#### [Task goal]
The task requires repeating, word for word, the lines from the one with "1/48 SCALE MITSUBISHI" through the end of the material, leaving out all pictures.

#### [Information provided]
⟨
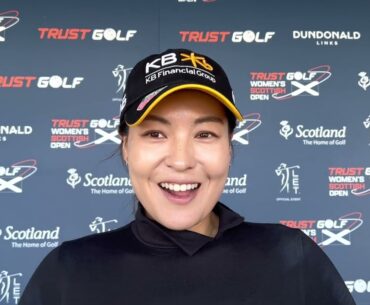 In Gee Chun Friday Flash Interview 2022 Trust Golf Women's Scottish Open | Round 2 | GoodCaddie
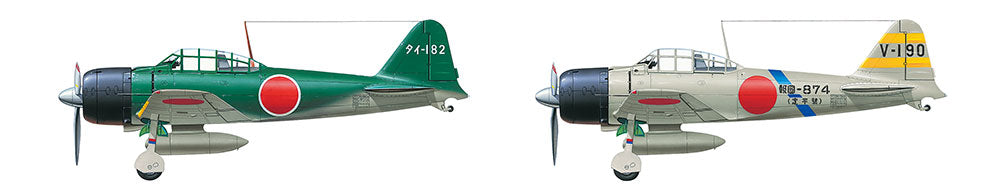 1/48 SCALE MITSUBISHI A6M3 ZERO FIGHTER (HAMP)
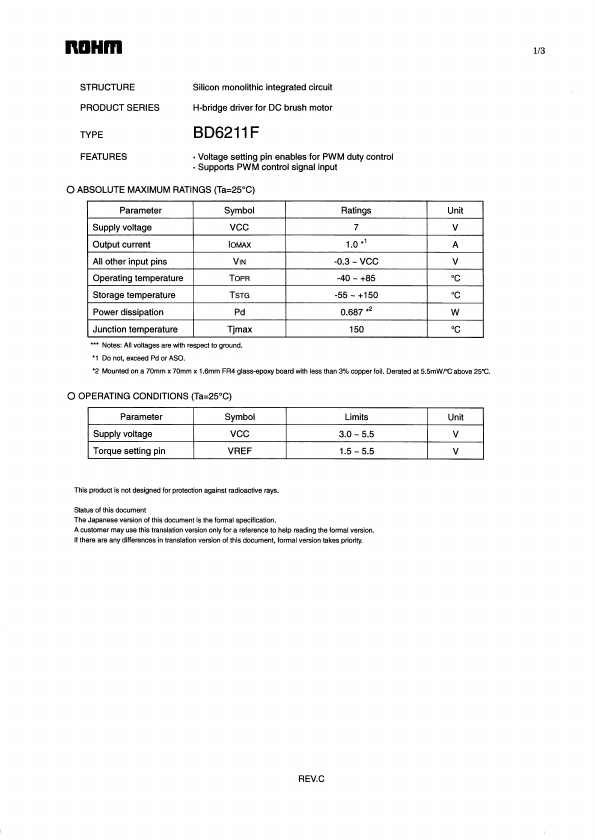 BD6211F Rohm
⟩
#### [Response to this task]
 1/48 SCALE MITSUBISHI A6M3 ZERO FIGHTER (HAMP)
 BD6211F Rohm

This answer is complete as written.